Patiente un peu, petite sœur… J’ai encore des traces de douleurs qui me collent à la gorge, comme ces chats qui te laissent parfois sans voix et que tu t’empresses de cracher pour mieux respirer. Mais respirer quoi ? L’air d’ici qui persécute les poumons de ta jeunesse ?

Mais je vais te raconter, ma petite sœur… Cette nuit, je t’ai vue marcher dans cette cité maudite, comme tu l’as toujours fait en rentrant chez nos pauvres parents, si jolie les cheveux tombant sur tes épaules. Et je l’ai aperçu tout à coup derrière toi, ses yeux te déshabillant. Tu es montée, douce fleur, dans cet autobus de malheur que tu as l’habitude de prendre et je t’ai vue t’asseoir discrètement dans un coin, à l’abri de ces sales mains baladeuses et sans vergogne qui appréhendent si souvent les jeunes et belles passagères, mais cette fois, petite sœur si fragile, tu n’y échapperas pas.

Ce jeune qui te scrutait était accompagné de ses sbires mâles, créatures de l’ombre récoltés sur les trottoirs de la délinquance, dans leurs quêtes du mal, chacals errants prêts à assouvir leur soif de violence, leurs besoins abjects. Ils t’attendaient au détour, petit chaperon de sœur, prédateurs résolus à s’abattre sur leur proie.

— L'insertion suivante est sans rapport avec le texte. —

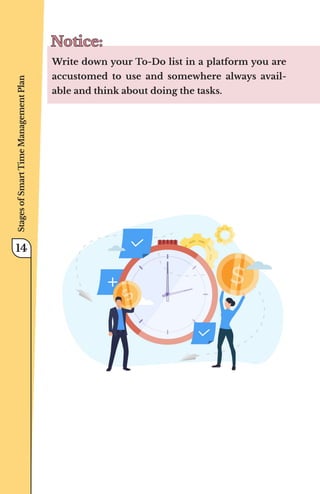 Notice:
Notice:
Write down your To-Do list in a platform you are
accustomed to use and somewhere always avail-
able and think about doing the tasks.
Stages
of
Smart
Time
Management
Plan
14
 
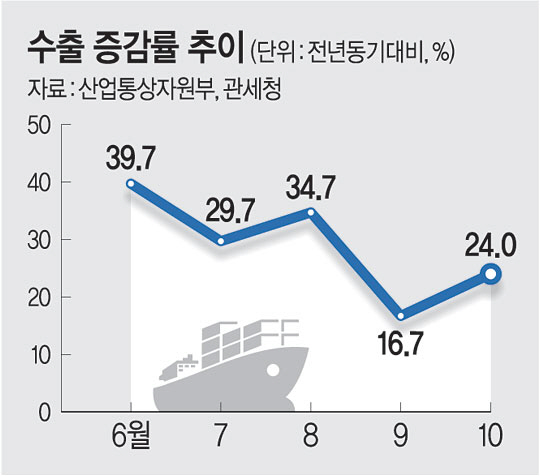 한국 수출상승세 가 12개월 연속됐다.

Dans ce cauchemar, petite sœur faible, ils ont usé de ton corps avec délectation alors que tu hurlais à l’aide, ils ont filmé leur infamie alors que tu pleurais sous leurs haleines d’alcool frelaté et leurs yeux couleur de comprimés karkoubi.

Mais le coup de pinceau final à ce tableau morbide, c’était le silence et le mutisme insolent de tous les passagers de ce bus qui regardaient immobiles ce spectacle hideux, leurs yeux livides et leurs cœurs emprisonnés par un mélange d’effroi et d’égoïsme.

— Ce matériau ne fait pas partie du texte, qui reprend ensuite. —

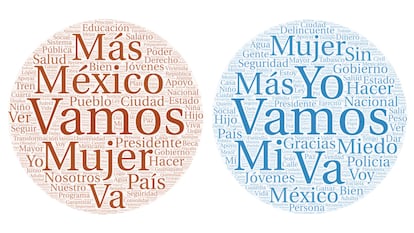 Ambas candidatas comparten tres de sus palabras más comunes: “Vamos”, “Mujer” y “México”.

Petite sœur, moi dans ce cauchemar je sentais chaque battement de ton coeur, chaque larme de tes yeux qui aurait pu engloutir la terre entière. Je t’ai entendu, petite chérie, quand tu m’as appelé à cet instant où sur cette terre des milliards d’êtres humains courent vers leurs destins, mais personne n’est venu vers toi, mais aucune main ne s’est tendue vers toi.

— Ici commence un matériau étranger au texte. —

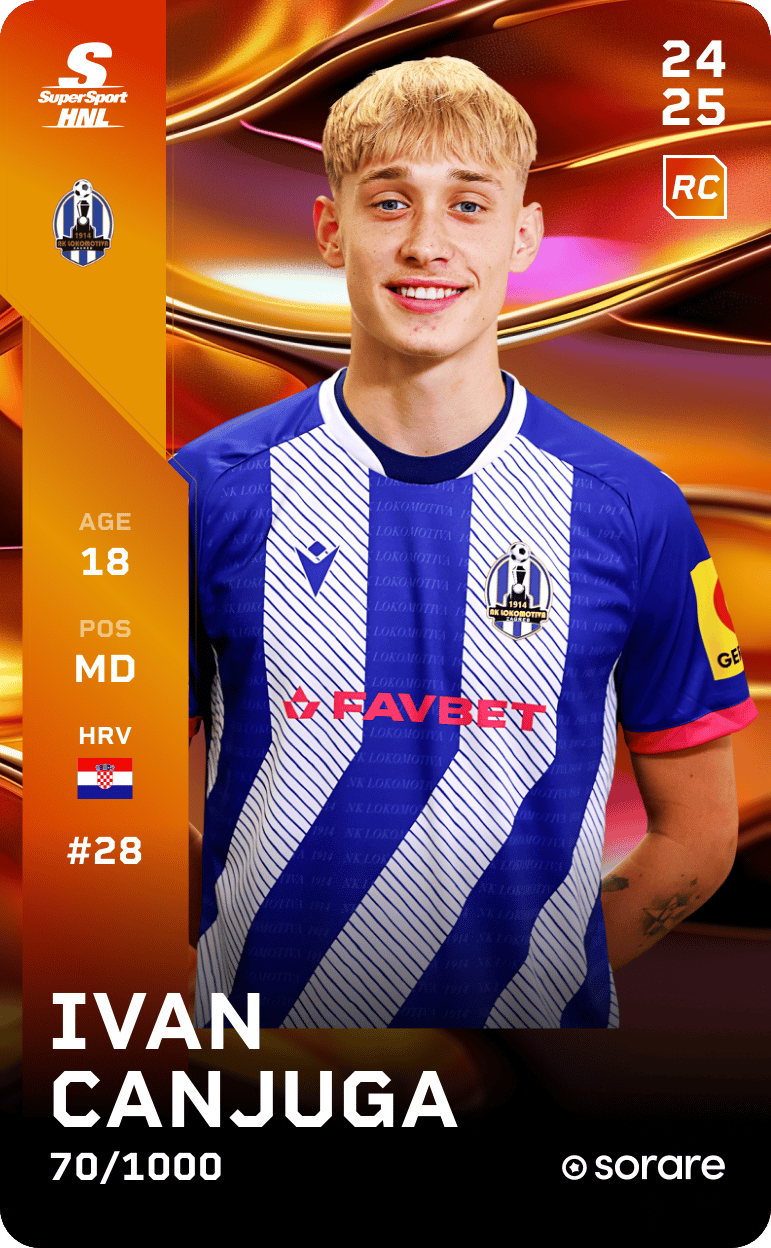 Ivan Canjuga 2024-25 • Limited 70/1000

Soulagé, petite soeur, je sais aujourd’hui que ce n’était pas toi dans ce bus, mais un affreux cauchemar. Pourtant ce mauvais rêve me semble toujours bien réel, tellement réel qu’il a laissé en moi une blessure pour la vie, mais aussi une déchirure dans le corps et le cœur de ces jeunes filles qui supportent en silence et dans la souffrance des gestes immondes injustes dans leur quotidien, lourds de mépris, de partis pris, dans une société qui brûle sauvagement et sans répit tout humanisme.